Kadın olmak zordur. Bir şeyleri başarmak istediğinde “elinin hamuruyla erkek işine karışma” derler.
Özellikle bazı yerlerde halen kız çocuklarımızın okumasına izin verilmez. O, büyüyünce evinin hanımı olacaktır.
Kadın, sokakta yalnız yürürken bile tedirgin hisseder kendini. Bazen çantasında rujunun yanında biber gazı bulundurmak zorunda kalır. Bazen evinin anahtarını kendini korumak için kullanır. Sahte telefon konuşmaları yapar sokakta yürürken.
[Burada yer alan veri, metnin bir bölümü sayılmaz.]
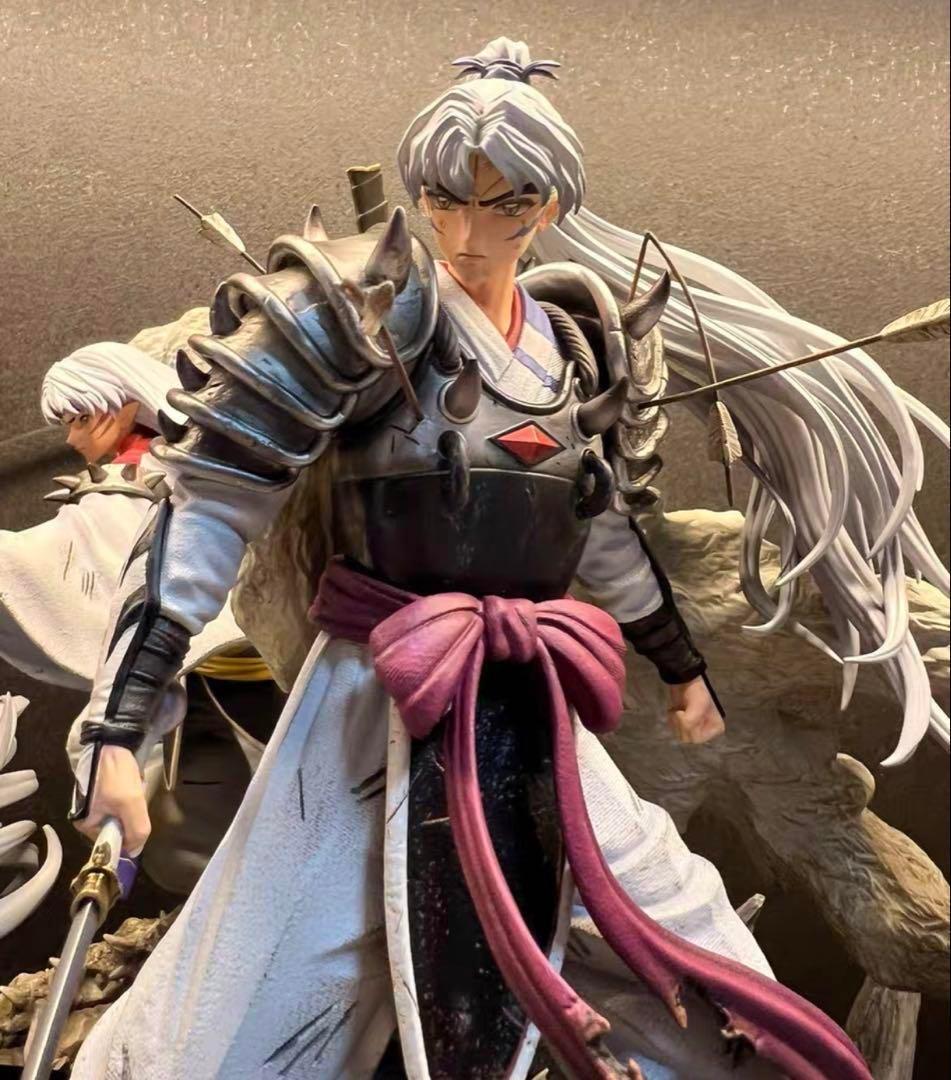 犬夜叉 殺生丸 闘牙王 父と子 フィギュア ガレージキット - メルカリ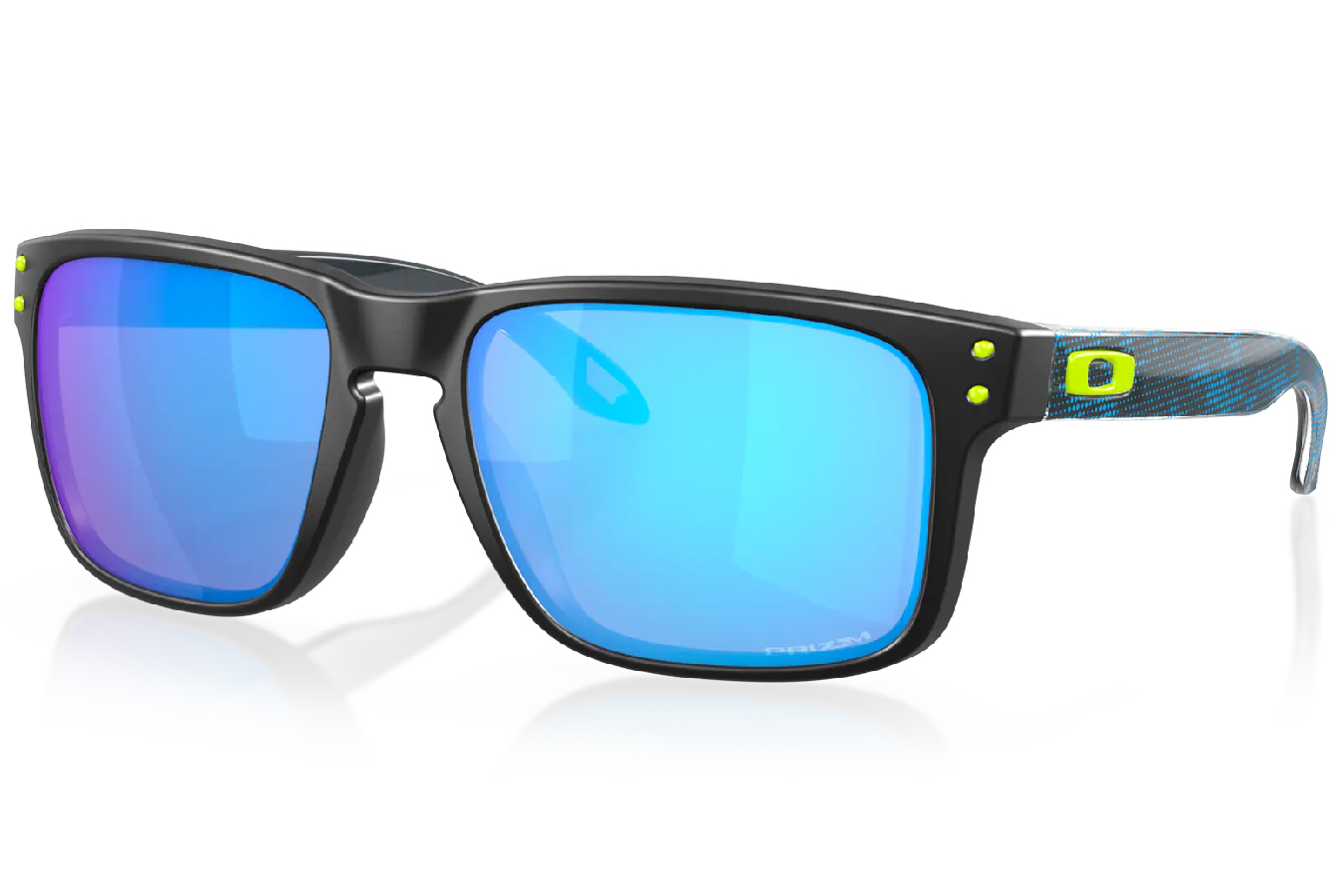 Oakley Holbrook High Resolution Collection Sunglasses With Polished Black Frame And Prizm 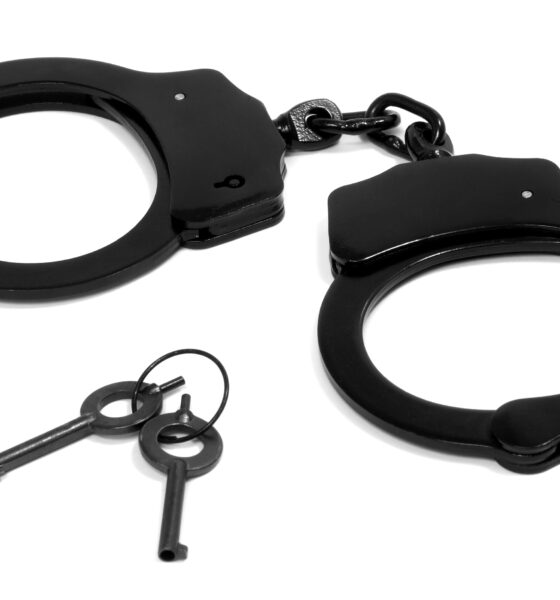 Handcuffs with keys, black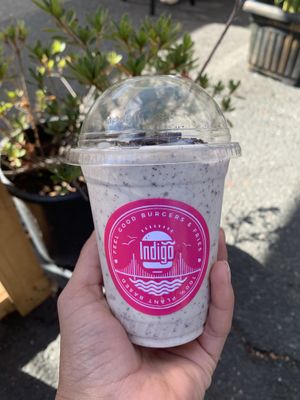 Cookies and Cream Shake (oat milk base) at Indigo Burger in Newark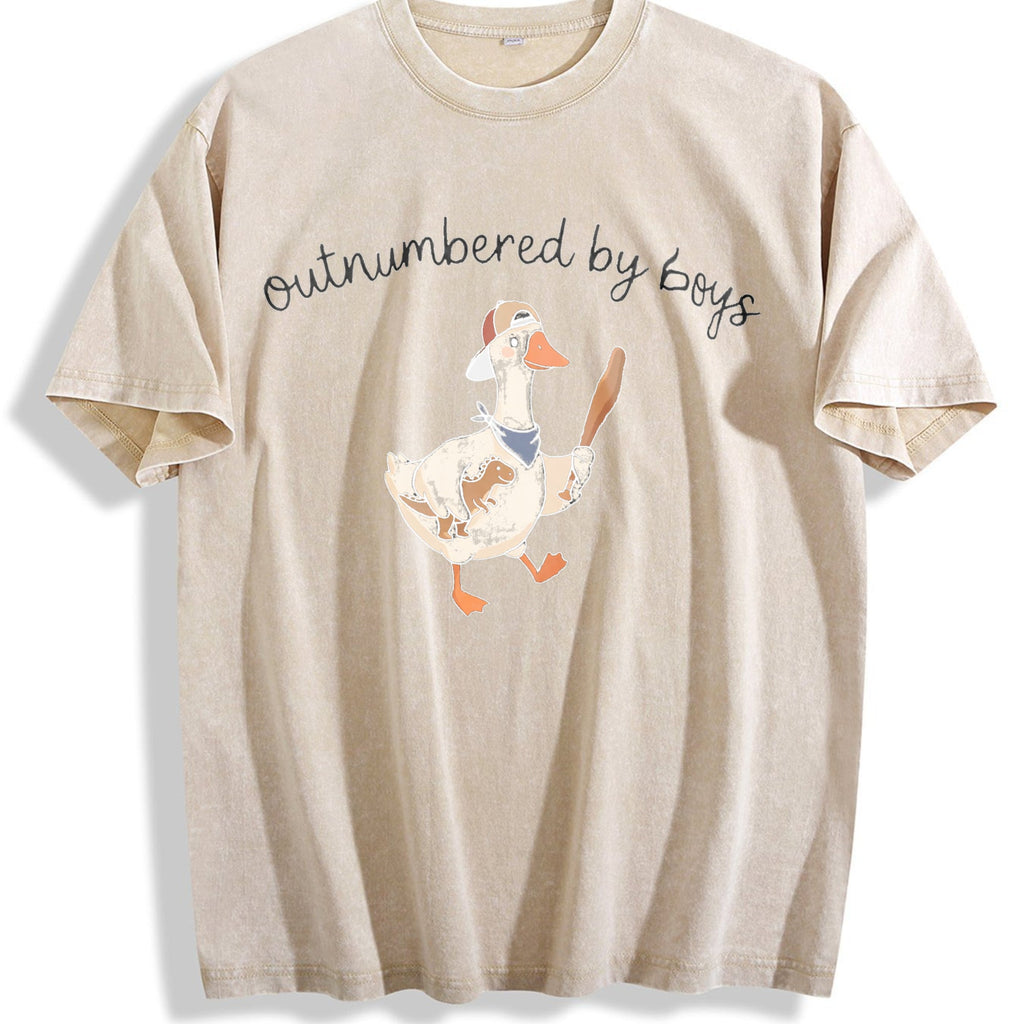 Outnumbered By Boys Vintage Washed T-Shirt product image 1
Çünkü kendini her an tedirgin hisseder ne yazık ki.
Taksiye bindiğinde arkadaşına konumunu bildirmek zorundadır kadın. “Ya başıma bir şey gelirse” düşüncesi her an aklının bir köşesindedir.
Bir caddede arkadaşını bekleyemez. Herkes kornaya basıp rahatsız eder. Amaçsız ve ahlaksızca…
Eşinden, ailesinden şiddet görür kadın. Birine anlattığında ise “olur öyle şeyler” der herkes. Veya “otur oturduğun yerde” cevabıyla karşılaşır. Bu durum, insanlar tarafından normalleştirilmeye çalışılsa da o asla yıkılmaz ve hem kendi hem de tüm kadınlar adına dimdik ayakta durur.
Zayıf olmak, bakımlı olmak, hep güler yüzlü olmak zorundadır. Her yerde yüksek sesle gülemezler. Normal bir erkek arkadaşı olamaz. Ayıptır.
Birisi kötü bir iş yaptığında “karı gibi olma” derler kendini insan zanneden varlıklar. Bu onurlu, saygıdeğer varoluşa, kötü bir şeymiş gibi atıfta bulunurlar.
Zordur kadın olmak. Tacizi, şiddeti bitmez. İş yerinde terfi etse başka şeylere yorumlanır. Bir iş platformunda bile iletişim bilgilerini paylaşamaz. Rahatsız edeni bol olur. Karşı cinsle normal arkadaş olamaz, hep kötüye yorumlanır. Ne yapsa kötüdür, güçsüzdür, ona her şey yasaktır.
Ve bir de lokasyon Türkiye ise vay haline efendim.